Tag Archives: eddie cowan

Eddie’s joyful loneliness

You make the hundred. You go crazy. The crowd roar. You celebrate with your batting partner. You acknowledge your family, team-mates and the crowd. The celebration is then replayed with the commentator explaining what it means. Usually that is it.

We’ve seen it so many times that sometimes we don’t even pay that much attention. If it’s someone’s first, you might watch just to see how they react. What sort of person are they. Did they kiss their badge? or the turf? Did they squeal uncontrollably? Were they almost crying. How did the non-striker react to it all? Then you go back to half-watching the cricket like you always do.

But Channel 9 caught something else on Ed Cowan.

Mark Nicholas was busy contextualising the event for us as quick as he could before the producer put a commercial on. As he was, Cowan came to a standstill and had a moment to himself.

It was during an ad break in Australia, but if you were watching internationally you would have seen the moment after the over was bowled. No commentary. No hype. Just the gentle background cricket crowd noise and a close up of a man who had just made his first Test hundred.

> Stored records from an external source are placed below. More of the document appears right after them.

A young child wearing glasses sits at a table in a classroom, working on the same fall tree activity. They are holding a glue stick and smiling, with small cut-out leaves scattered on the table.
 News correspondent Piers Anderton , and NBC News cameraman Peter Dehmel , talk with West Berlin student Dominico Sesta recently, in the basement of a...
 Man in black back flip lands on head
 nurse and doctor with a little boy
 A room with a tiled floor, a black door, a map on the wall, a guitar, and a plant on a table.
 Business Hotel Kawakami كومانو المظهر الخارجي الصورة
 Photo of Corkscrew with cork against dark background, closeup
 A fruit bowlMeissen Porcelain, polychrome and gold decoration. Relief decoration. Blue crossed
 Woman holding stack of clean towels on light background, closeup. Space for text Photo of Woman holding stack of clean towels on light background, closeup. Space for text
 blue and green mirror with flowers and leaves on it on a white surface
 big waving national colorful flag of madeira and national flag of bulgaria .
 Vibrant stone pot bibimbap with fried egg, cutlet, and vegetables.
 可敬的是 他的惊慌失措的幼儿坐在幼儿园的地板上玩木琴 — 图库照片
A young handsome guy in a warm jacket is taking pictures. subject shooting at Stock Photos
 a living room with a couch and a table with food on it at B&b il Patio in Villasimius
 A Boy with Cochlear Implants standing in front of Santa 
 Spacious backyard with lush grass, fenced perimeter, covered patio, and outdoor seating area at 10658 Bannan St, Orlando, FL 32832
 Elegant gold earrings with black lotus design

Cowan took a deep breath after completing a quick two, but it wasn’t the deep breath of someone who had run, but the deep breath of someone trying to get his thoughts in order. Quickly he took his helmet off and rubbed his eyes dry. Then he looked up above. Cowan said it was for his mentor Peter Roebuck, but it was quickly aborted due to the sweat that was in his eyes. That is assuming it was sweat and not something else. Cowan then looked up the pitch and smiled, smiled that nervous kind of smile that you do when you cannot believe how lucky you are.

The crowd then gave him a gentle applause. The sort of applause you give to a bowler as he walks down to the crowd after taking a wicket. He acknowledged them in an awkward way by barely raising his helmet, like he was embarrassed to continue to celebrate his hundred. Like an actor who feels comfortable with an encore. Cowan wandered down the pitch unsure of what to do, how to act, where to go.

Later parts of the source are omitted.